▸ **EXERCISE INPUTS**:

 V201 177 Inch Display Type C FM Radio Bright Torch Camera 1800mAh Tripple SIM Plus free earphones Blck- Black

--

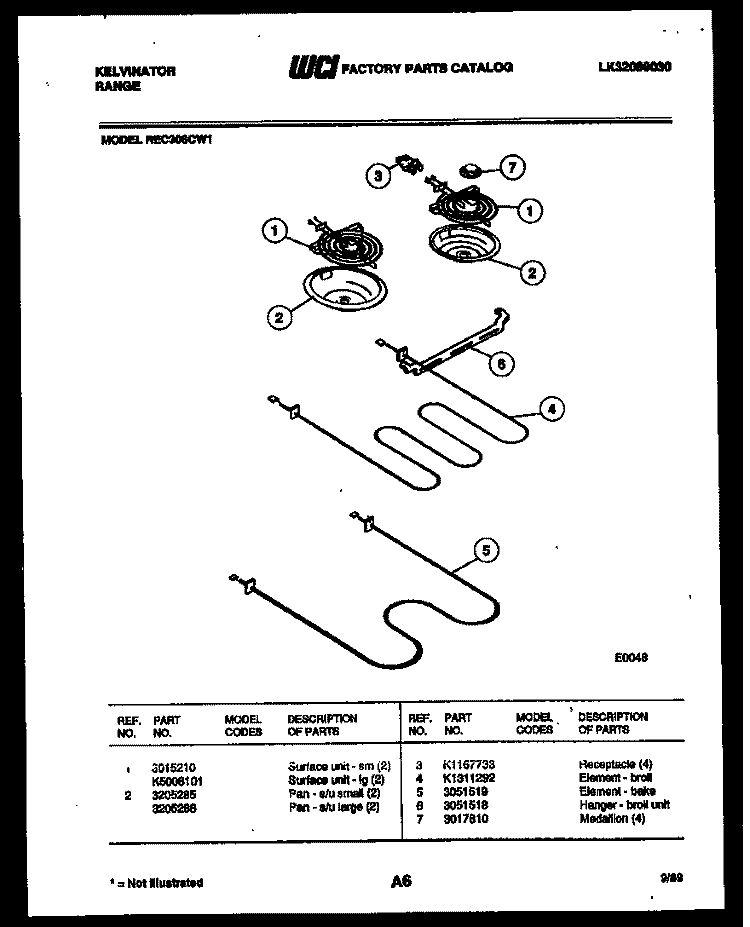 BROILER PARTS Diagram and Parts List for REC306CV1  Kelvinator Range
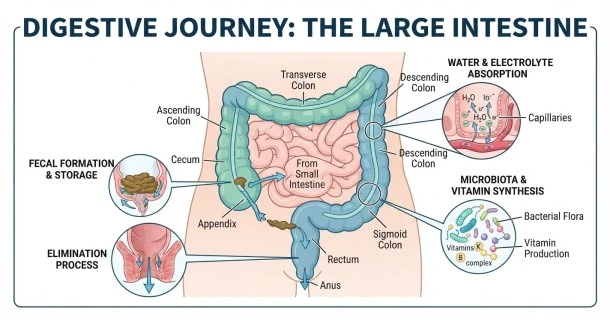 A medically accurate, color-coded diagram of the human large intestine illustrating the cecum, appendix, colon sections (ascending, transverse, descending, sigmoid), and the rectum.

...

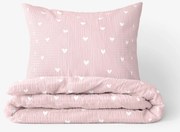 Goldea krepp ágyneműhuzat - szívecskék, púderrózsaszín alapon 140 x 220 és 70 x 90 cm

▸ **WHAT YOU ARE ASKED TO DO**: Starting with the line above that holds "BROILER PARTS Diagram", restate each line word for word up to and including the line that holds "A medically accurate, color-coded". Drop the pictures.

▸ **YOUR RESPONSE**:
 BROILER PARTS Diagram and Parts List for REC306CV1  Kelvinator Range
 A medically accurate, color-coded diagram of the human large intestine illustrating the cecum, appendix, colon sections (ascending, transverse, descending, sigmoid), and the rectum.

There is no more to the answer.